The dangers of abrupt changes to psychiatric medication
Perhaps the most immediate and serious risk of the change, as well as the existing shortages, is the danger of forcing patients to abruptly stop taking controlled substances.
Abrupt discontinuation of any prescribed medication can be dangerous, even if there is no risk of withdrawal,” Reiss says. “But abrupt discontinuation of controlled meds is even more dangerous due to the risks of withdrawal, like seizures from discontinuation of benzodiazepines, or people [in treatment for substance misuse] relapsing to avoid withdrawal symptoms.”
Some dangers arise separately from the potential physiological responses, like seizures or withdrawal.
“If patients are taking a medication to treat something, obviously when they stop the medication, the underlying condition isn’t being treated. People with ADHD, for example, might engage in riskier behavior or substance misuse,” Gold says. “They could drive really fast and crash their cars or roll through stop signs or any number of risky behaviors. Ultimately, most people take these medications because they have a real need that’s being met by the medication.”
While imperfect, both Reiss and Gold stress that a better approach to telehealth would be to try to make improvements to telehealth, like cracking down on bad actors, instead of forcing more people to make in-person visits.

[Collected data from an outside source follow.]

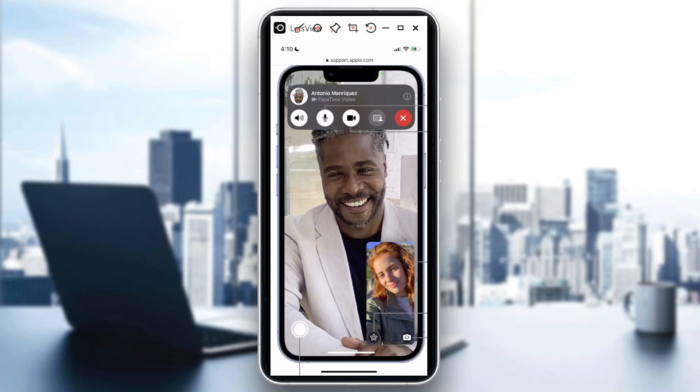Hi guys, welcome to our channel. In today's video I will show you how to turn off the speaker in FaceTime.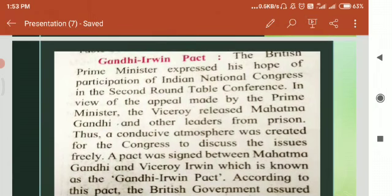Here I want to discuss about the Gandhi-Irwin Pact. A pact was concluded between Mahatma Gandhi and the Viceroy Irwin. It is known as the Gandhi-Irwin Pact. According to this pact, the British government gave a guarantee that the system of responsible government would be adopted in the proposed constitution for India. The Congress withdrew the civil disobedience movement and showed its readiness to participate in the second roundtable conference.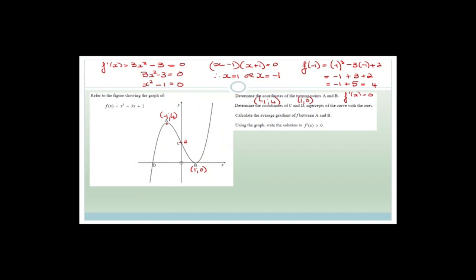Now it says determine the coordinates of C and D, the intercepts with the axes. The y-intercept C is at (0, 2) — we already know that. You can't just write 'C is 2'; you must give coordinates (0, 2) because x = 0 and y = 2. For D, where the graph cuts the x-axis, we need to factorize. We already know x = 1 is a turning point on the x-axis, so x - 1 is a factor.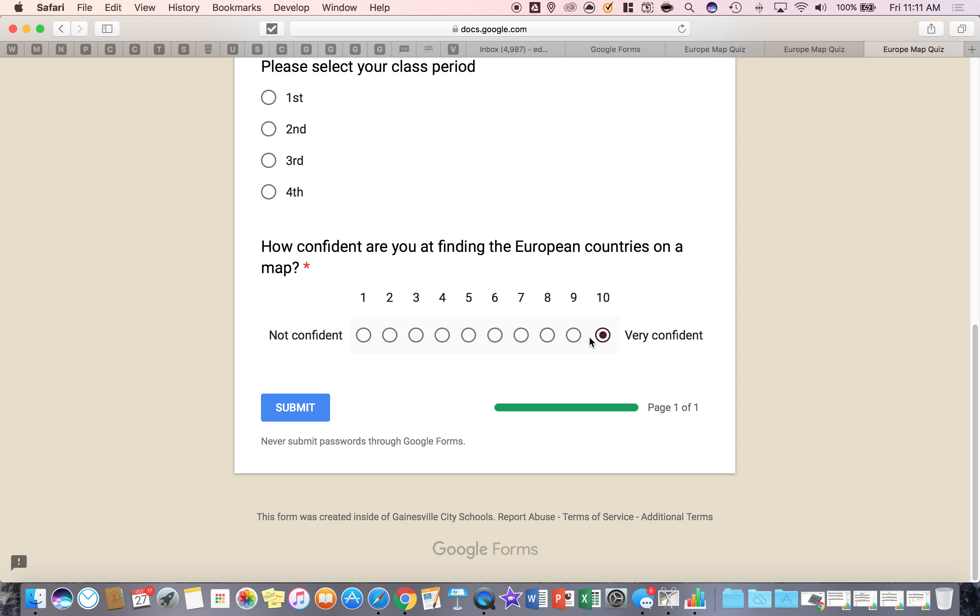And a ten. And why would you use this? Maybe you want to see how the student feels about a certain standard or skill that they're learning in your class. And maybe this is a way for them to seek some help or guidance on that scale.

“Inherently, more people have access to mental health treatment and continuity of care because telehealth exists,” Gold says. “We should be thinking, ‘how do we get more people care? And how do we get them good care?’ Not ‘how do we make it harder for them to do those things. We need to think more globally about the needs of the people we treat and the people who might need help in the future. Telehealth is an important part of that.”